Paracetamol (PMOL) was processed with ethyl cellulose (EC) - Compritol 888 ATO (C888) polymer/lipid blends to produce sustained release drug formulations. The aim of this study was to optimize HME processing by using design of experiment (DoE) and to monitor the process using in-line NIR spectroscopy. Input variables such as drug loading, screw speed and feeding rate were investigated and in-line NIR spectra were collected during extrusion. A partial least squares calibration model and PCA plots were used to identify the optimum processing parameters. It was proved that drug loading has a significant effect on the final product while the PMOL dissolution rates were identified as a quality attribute for the development of sustained release formulations.

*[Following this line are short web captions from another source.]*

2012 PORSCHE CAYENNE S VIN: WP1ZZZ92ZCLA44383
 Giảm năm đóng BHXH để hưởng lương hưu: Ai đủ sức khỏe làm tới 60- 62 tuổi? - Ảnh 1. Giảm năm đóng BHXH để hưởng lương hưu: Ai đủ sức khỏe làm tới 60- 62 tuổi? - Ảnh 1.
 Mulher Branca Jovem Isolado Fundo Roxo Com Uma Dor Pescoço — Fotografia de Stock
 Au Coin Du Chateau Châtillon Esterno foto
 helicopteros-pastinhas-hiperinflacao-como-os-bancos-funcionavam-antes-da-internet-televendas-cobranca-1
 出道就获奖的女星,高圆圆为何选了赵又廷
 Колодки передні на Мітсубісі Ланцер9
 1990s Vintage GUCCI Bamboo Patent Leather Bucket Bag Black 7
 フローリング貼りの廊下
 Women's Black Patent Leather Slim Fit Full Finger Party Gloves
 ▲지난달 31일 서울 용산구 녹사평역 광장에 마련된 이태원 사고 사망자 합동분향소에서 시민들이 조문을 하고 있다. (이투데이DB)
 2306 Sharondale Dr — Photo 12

Extruded pharmaceutical cocrystals were manufactured by using carbamazepine (CBZ) as a model drug with saccharine (SCH) and trans-cinnamic acid (TCA) as coformers at a 1:1 molar ratio. In-line NIR was employed to monitor the cocrystallization process along the HME barrel while off-line DSC and XRPD were used to characterise the extrudates. NIR analysis showed that cocrystal formation occurred gradually starting at the 2nd mixing zone and this was confirmed via DSC and XRPD analysis. Cocrystallization occurred via the formation of H-bonds between the drug and coformers facilitating enhanced drug release rates compared to the prototype cocrystals produced via solvent evaporation.

Three sugar alcohols namely mannitol, sorbitol and xylitol were extruded at various weight ratios to produce sugar cocrystals. In-line NIR, employed for process monitoring, showed that cocrystal formation occurred by the formation of H-bonds. The extruded materials were compressed into orally disintegrating tablets and compared with tablets made using Starlac (as a binder) and the sugar alcohols. Characterization of the tablets showed that there is no significant difference - in terms of weight variation, thickness and hardness - of the tablets prepared from both extruded sugar cocrystals and the Starlac. However, tablets prepared from the extruded sugar cocrystals demonstrated faster disintegration times and better friability compared with those compressed with Starlac.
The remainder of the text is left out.